Sein Sohn Frido entflieht schließlich diesem Vater, der nicht von der Vergangenheit lassen kann: Er besteigt, gerade das Abitur in der Tasche, einen Magic Bus und reist nach Indien, wird Bhagwan‐Anhänger und lernt in Poona die Australierin Cleo kennen. Ihr folgt er auf den fünften Kontinent, heiratet sie und erfährt, dass auch ihr Vater Jude ist. Beide setzen an den Anfang des Lebens ihres gemeinsamen Sohnes ein jüdisches Ritual.
2018 kehrt Frido nach Deutschland zurück, aus dem „Hotel Dellbrück“ ist eine Flüchtlingsunterkunft geworden. In der Begegnung mit dem syrischen Flüchtling Djad erkennt Frido die Flucht vor Gewalt und Krieg als wiederkehrendes Thema der Gegenwart. Der Gang durch das ehemalige Hotel verändert Fridos Leben...

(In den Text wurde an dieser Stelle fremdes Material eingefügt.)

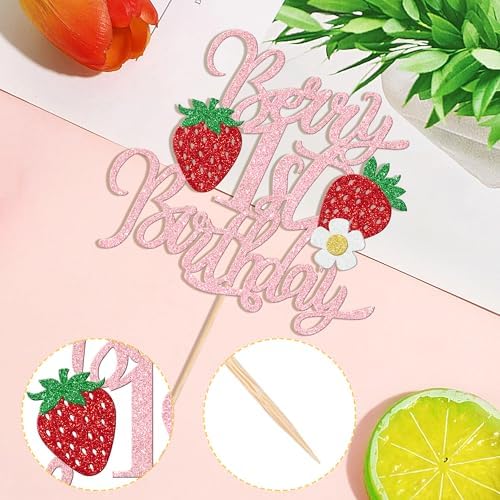 1 PCS Berry 1st Birthday Cake Topper Glitter Sweet Fruit Theme Flower First Birthday Strawberry One Cake Pick for Strawberry Theme Baby Shower 1st Birthday Party Cake Decorations Supplies Pink
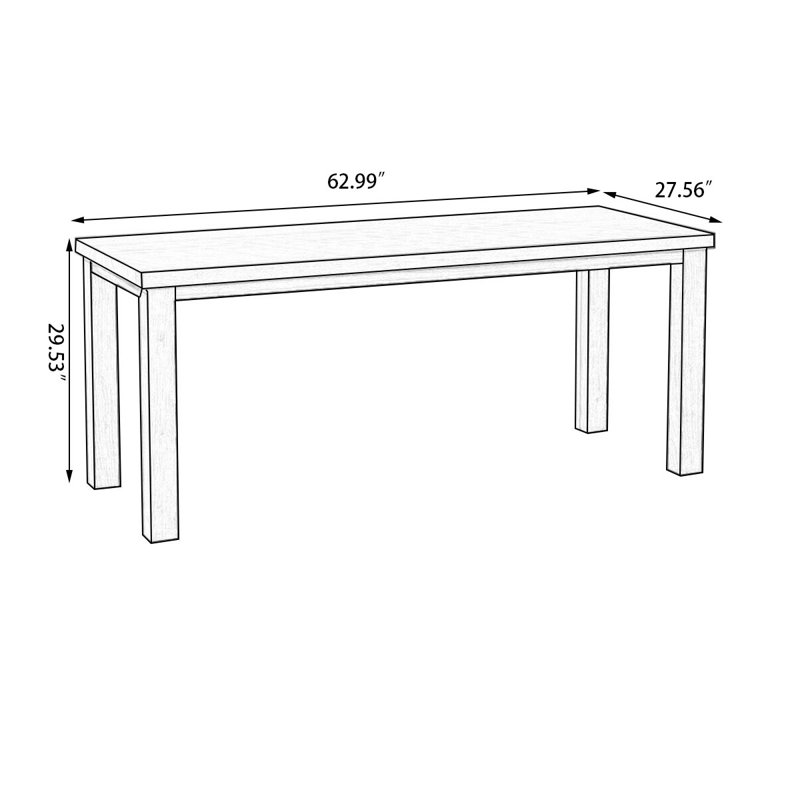 Bureaux rectangulaires en chêne massif, H 29,53 po x l 62,99 po x P 27,56 po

Nicht zufällig ist ausgerechnet die Bahnhofsunterkunft „Hotel Dellbrück“ der Ankerpunkt im gleichnamigen Roman: Ein Transitort, ein Ort des Durchzuges, nicht des Verbleibens, wird zum Identifikationspunkt. Hier kulminieren die großen Fragen des Romans: Wie sehr werden Menschen durch ihre Herkunft geprägt? Wie sehr durch die Erfahrungen der Eltern? Wie findet man Heimat? Welchen Halt geben Spiritualität und Religion? Was gibt dem eigenen Leben Sinn? Diese Fragen gibt der Text an seine Leser weiter – in einer atmosphärisch dichten Sprache mit großem Gespür für das jeweilige historische Lebensgefühl. Michael Göring ist ein begabter Erzähler, dessen Lesungen ein Erlebnis sind. Wie viel von dem Autor selbst, dem gleichsam in Lippstadt Geborenen, in dem Text steckt, kann bei der Buchpräsentation im Buddenbrookhaus am 19.02.2019 erfragt werden.
Zum Autor:
Prof. Dr. Michael Göring (* 30. Juli 1956 in Lippstadt, Westfalen) ist Vorsitzender des Vorstands der ZEIT-Stiftung Ebelin und Gerd Bucerius, bis 2018 Vorstandsvorsitzender des Bundesverbandes Deutscher Stiftungen und Autor. Für sein langjähriges Engagement in verschiedenen Stiftungen und seine Verdienste in der Stiftungsarbeit erhielt Michael Göring 2006 das Bundesverdienstkreuz 1. Klasse der Bundesrepublik Deutschland. Sein sprachliches Talent hat der promovierte Literaturwissenschaftler und Honorarprofessor für Stiftungswesen an der Hochschule für Musik und Theater in Hamburg in mehreren Fachbüchern und nunmehr vier Romanen unter Beweis gestellt. Nach mehreren Sachbüchern veröffentlichte Michael Göring 2011 den Roman "Der Seiltänzer", im September 2013 den Roman "Vor der Wand" und im Februar 2016 den Roman "Spiegelberg". Zuletzt erschien von ihm die Familiengeschichte „Hotel Dellbrück“ (2018).